The function *uv* is a function from *n* dimensions to *n* dimensions, so it’s derivative must be an *n* by *n* matrix. So the two terms on the right must be *n* by *n* matrices, and they are. But D*u* *v* is a 1 by 1 matrix, so it would not make sense on the right side.

Here’s why the product rule above looks strange: the multiplication by *u* is a **scalar **product, not a matrix product. Sometimes you can think of real numbers as 1 by 1 matrices and everything works out just fine, but not here. The product *uv* doesn’t make sense if you think of the output of *u* as a 1 by 1 matrix. Neither does the product *u* D*v*.

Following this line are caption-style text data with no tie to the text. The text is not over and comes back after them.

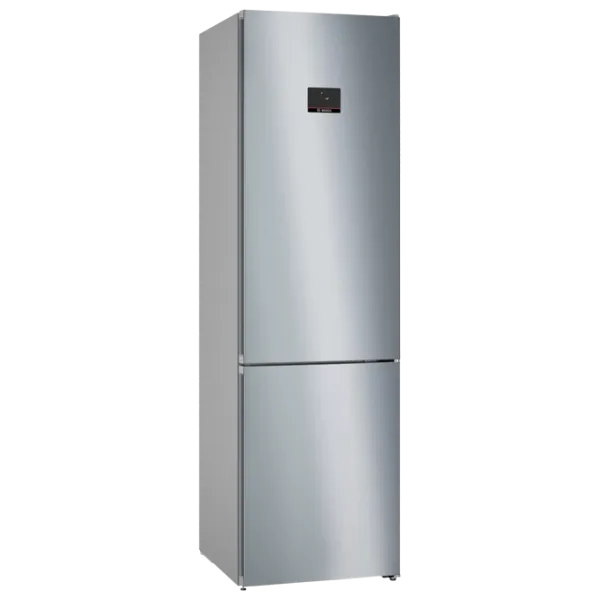 Frigider Bosch KGN394ICF cu congelator jos 363 l / 203 cm / Inox photo 1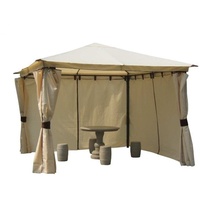 FRG Venezia 3 x 3 m inkl. Seitenteile ecru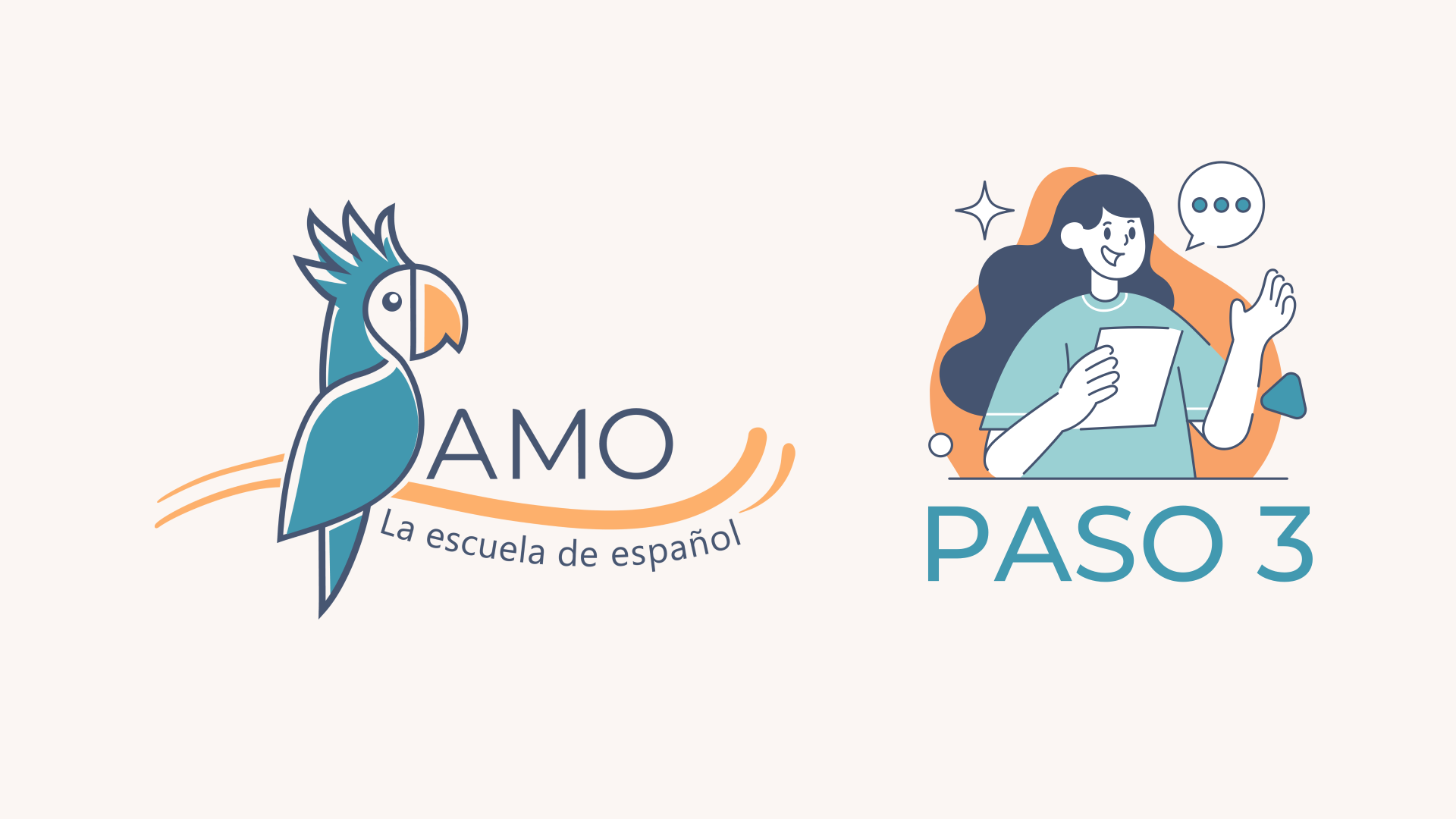 Curso de español: PASO 3, en ucraniano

If you think of *v* as an *n* by 1 matrix and D*u* as a 1 by *n* matrix, everything works. If you think of *v* and D*u* as vectors, then *v* D*u* is the **outer product** of the two vectors. You could think of D*u* as the gradient of *u*, but be sure you think of it horizontally, i.e. as a 1 by *n* matrix. And finally, D(*uv*) and D*v* are **Jacobian matrices**.

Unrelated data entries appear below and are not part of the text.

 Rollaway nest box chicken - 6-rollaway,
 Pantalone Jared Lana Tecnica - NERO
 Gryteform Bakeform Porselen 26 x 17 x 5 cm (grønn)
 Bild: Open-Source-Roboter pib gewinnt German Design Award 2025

**Update**: As Harald points out in the comments, the usual product rule applies if you write the scalar-vector product *uv* as the matrix product *vu* where now we *are* thinking of *u* as a 1 by 1 matrix! Now the product rule looks right

D(*vu*) = D*v* *u* + *v* D*u*

but the product *vu* looks wrong because you always write scalars on the left. But here *u* isn’t a scalar!

It isn’t really that strange. If you identify the scalar u with an 1-by-1 matrix, you should rewrite the scalar product uv as a legitimate matrix product vu as well, but then it follows immediately that D(vu) = (Dv)u + v(Du).